■ **Problem to solve**: Repeat, word for word and with nothing added, each line from the one containing "Familievenligt sommerhus i" to the final line of the data, keeping both ends. Pictures are not part of the copy.

■ **Raw data**:
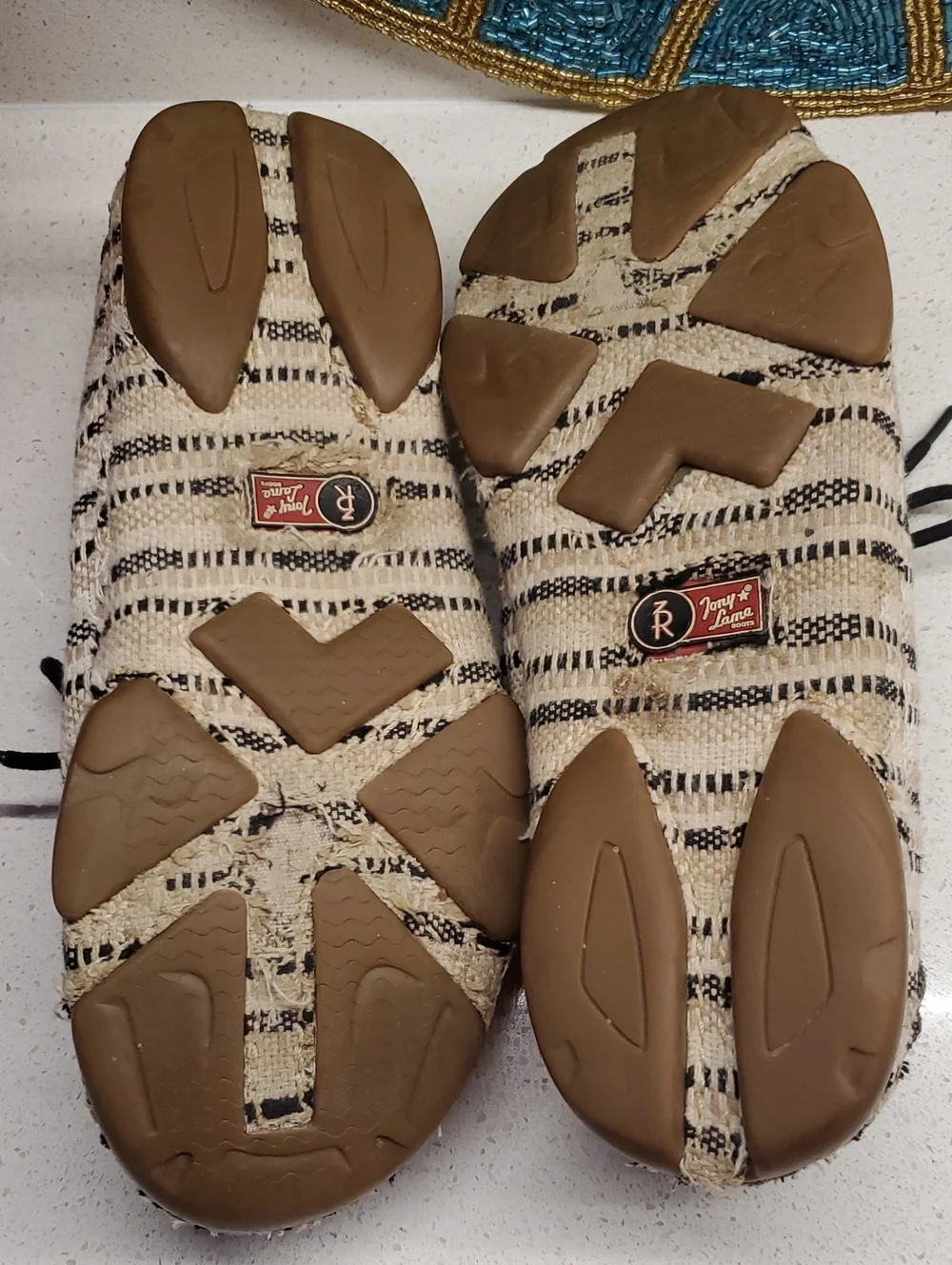 TONY LAMA Beige and Black Woven Driving Loafers (sz 8.5)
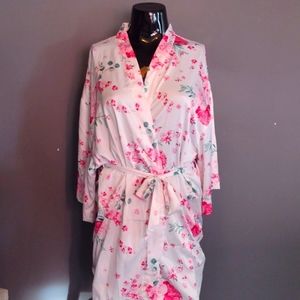 NEW! Floral Bathrobe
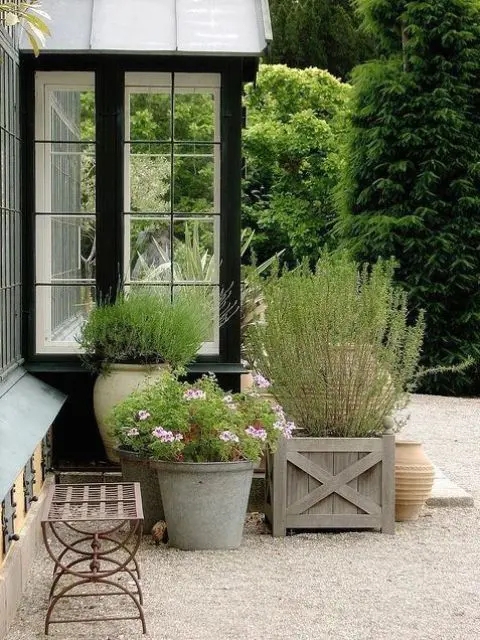 Patio Decor With Cross Brace Wood Box & Weathered Planter Mix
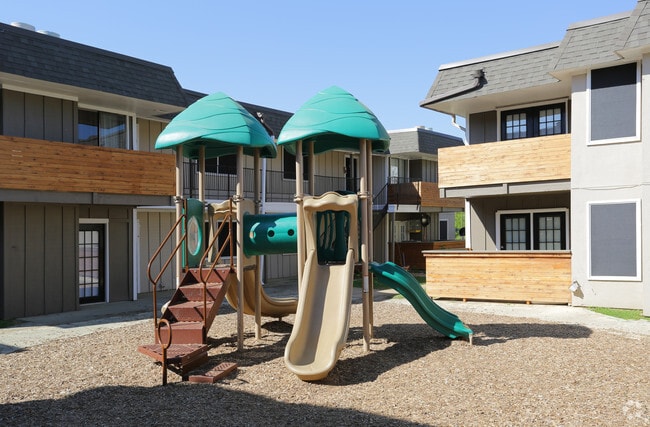 Photo - Encore on Mustang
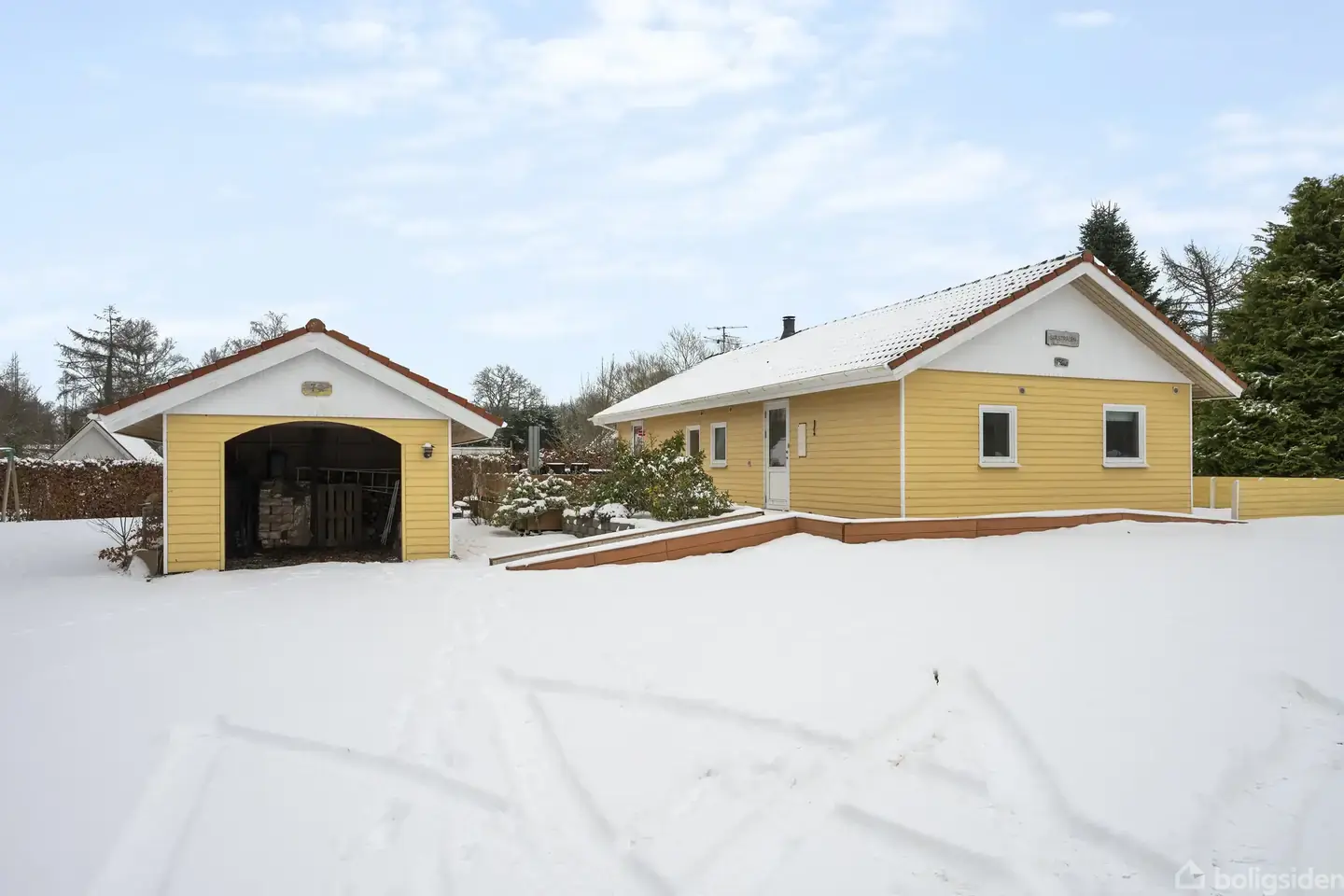 Familievenligt sommerhus i grønne omgivelser med stemning tæt på Limfjorden i Lovns
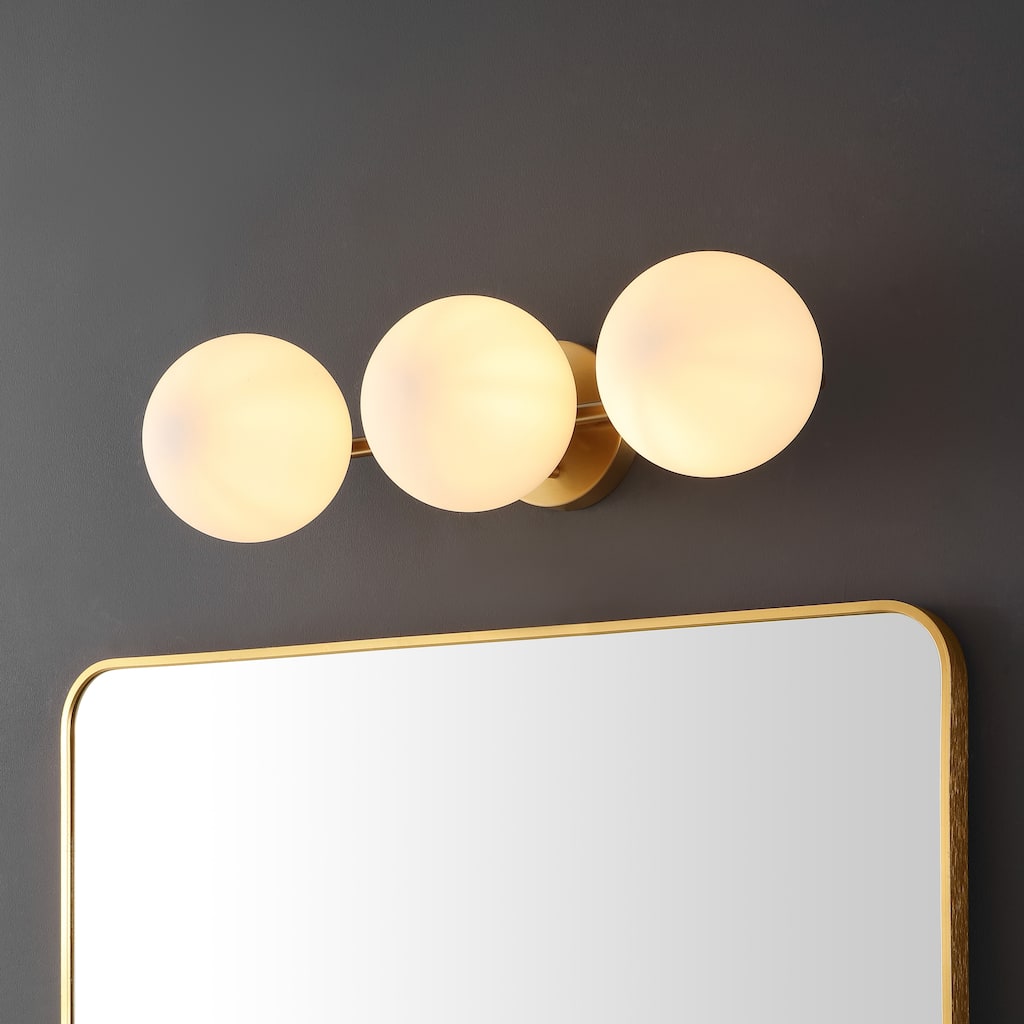SAFAVIEH Lighting Lambrini 21" Traditional Wall Sconce (3-Bulb) - 6" W x 8" D x 21" H - 21Wx8Dx6H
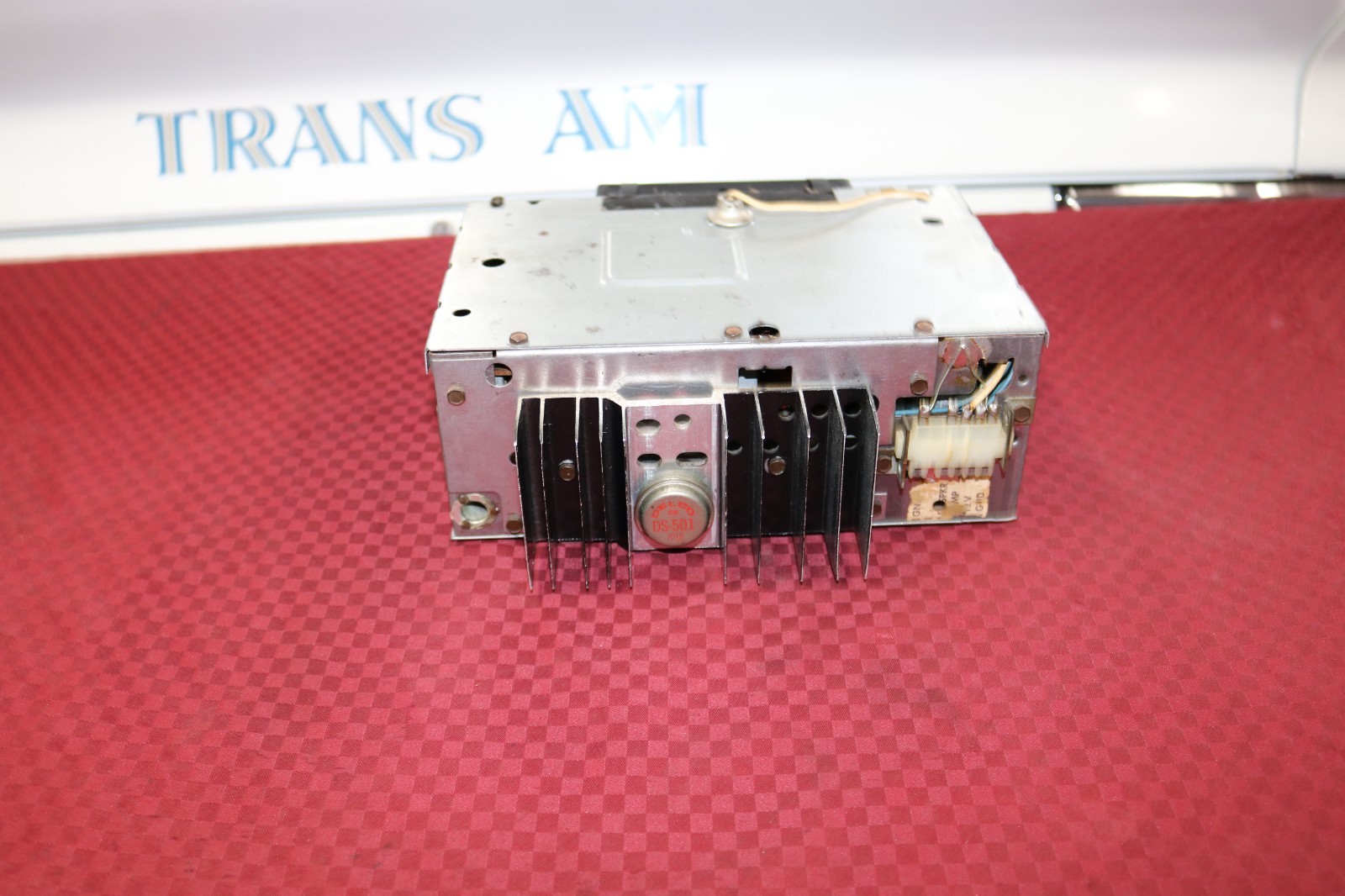 1970 CHEVELLE CAMARO NOVA MONTE CARLO CAPRICE AM-FM RADIO....CLEAN DELCO 01BFP3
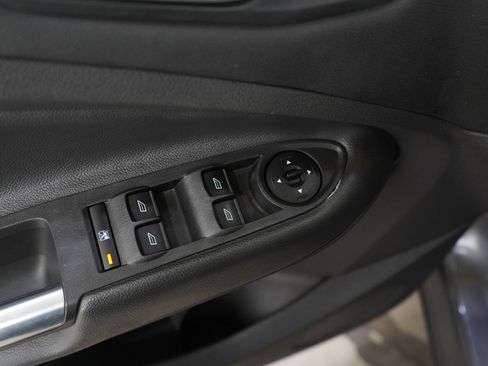 Used 2015 Ford Escape SE image 21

■ **Written reply**:
 Familievenligt sommerhus i grønne omgivelser med stemning tæt på Limfjorden i Lovns
SAFAVIEH Lighting Lambrini 21" Traditional Wall Sconce (3-Bulb) - 6" W x 8" D x 21" H - 21Wx8Dx6H
 1970 CHEVELLE CAMARO NOVA MONTE CARLO CAPRICE AM-FM RADIO....CLEAN DELCO 01BFP3
 Used 2015 Ford Escape SE image 21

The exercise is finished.